Two Takes 

Corker and Herenton try to get their messages across to different audiences.

Bob Corker made one thing clear at a town meeting in suburban Arlington on Tuesday — that the venue, Crave Coffee Bar and Bistro, was not yet "the time and the place" for him to express his future plans, rumors about which run from a governor's race in 2018 to a possible presidential bid two years later.

The Arlington event was set up in much the manner of a meet-and-greet, and other dignitaries present included Mayor Mike Wissman of Arlington, Shelby County Republican chair Lee Mills, and 8th District Congressman David Kustoff.

click to enlarge Senator Bob Corker at the Crave Coffee Bar - JACKSON BAKER
  • Jackson Baker
  • Senator Bob Corker at the Crave Coffee Bar

It was the first step of what the senator's office billed as a "Travel Across the Volunteer State" and was to be followed by his attendance at a noon event at the Hilton Memphis, where kudos were to be administered to several worthy individuals at the 14th Annual Dunavant Public Servant Award Luncheon.

On the basis of the reception he got from a standing-room-only audience, one that was rather more a contentious town meeting in the current style, you had to wonder how much more of his current job the junior senator from Tennessee would be willing to stand for.

He was asked if he intended to run for a third Senate term in 2018, and he gave the answer cited above. The immediate result was a challenge or two from the crowd as to whether Chattanoogan Corker hadn't pledged, back in 2006, when he was first elected in a tight race with Democrat Harold Ford Jr., to quit after two terms.

He gave a soft answer, that both he and Ford had said only that they "couldn't imagine" serving more than two terms, and that seemed to turn away any further potential wrath on that matter.

But Corker had every reason to remain on edge for most of the hour-long encounter in Arlington. The questions he got were rapid-fire, mainly on issues of domestic controversy, and they were evenly mixed between the inquisitive and the downright challenging.
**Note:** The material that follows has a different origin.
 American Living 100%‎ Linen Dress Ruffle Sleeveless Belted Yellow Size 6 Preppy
On some of the latter, he seemed to satisfy most of the crowd with his expression of confidence that the pending Senate inquiry into a Trump-Russian connection would go forth to good result. He had less success defending his support for charter-school enthusiast Betsy DeVos as secretary of education.
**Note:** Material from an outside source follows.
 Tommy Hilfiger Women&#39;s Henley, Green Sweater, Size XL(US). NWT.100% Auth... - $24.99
Corker was also hard-pressed on issues ranging from the prospective defunding of Planned Parentood, the uncertain future of health care, and the shape of tax reform. He did his best to hit a middle distance.

At the end of it all, someone said the obvious, that he, as Senate Foreign Relations Committee chairman, had not been asked about the current crises in Korea and Syria. He shook his head slowly but gave an indulgent smile. "Unbelievable," he said.

• Mere hours later, a few miles away in Midtown, former mayor Willie Herenton was having an easier time with his audience, the Rotary Club of Memphis.

click to enlarge Herenton at Rotary - JACKSON BAKER
  • Jackson Baker
  • Herenton at Rotary

The luncheon speaker was welcomed as what he was, a public dignitary from the past. That, in his time as mayor from 1991 to 2009, Herenton caught his share of flack was a fact no one mentioned, save the ex-mayor himself.

Herenton's subject was his current project, which goes by the name of New Path Campus of Restoration. "Campuses," actually, because Herenton's original concept of a single dormitory/instructional facility for troubled African-American youth in north Shelby County has grown to include the idea of three campuses — in downtown Memphis, in Frayser, and in Millington.

As Herenton has explained on earlier occasions, these facilities would be alternatives to the severe and geographically remote locations available to house youthful detainees at the moment. The centers would be financed by savings from traditional incarceration and by state funding for the detainees as students.